_WORK TASK_. Copy, exactly and without additions, every line in the records below from the one holding "Klein 32500HDRT Knect" through the one holding "14K White Gold", both ends included.

_INPUT FOR THIS TASK_.
=== Begin Enclosure ===

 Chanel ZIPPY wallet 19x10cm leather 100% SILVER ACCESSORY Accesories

=== End Enclosure ===
=== Begin Enclosure ===

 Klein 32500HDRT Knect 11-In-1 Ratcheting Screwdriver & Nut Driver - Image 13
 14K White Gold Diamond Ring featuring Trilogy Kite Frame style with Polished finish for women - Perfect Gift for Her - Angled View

=== End Enclosure ===

_ANSWER TO THIS TASK_.
 Klein 32500HDRT Knect 11-In-1 Ratcheting Screwdriver & Nut Driver - Image 13
 14K White Gold Diamond Ring featuring Trilogy Kite Frame style with Polished finish for women - Perfect Gift for Her - Angled View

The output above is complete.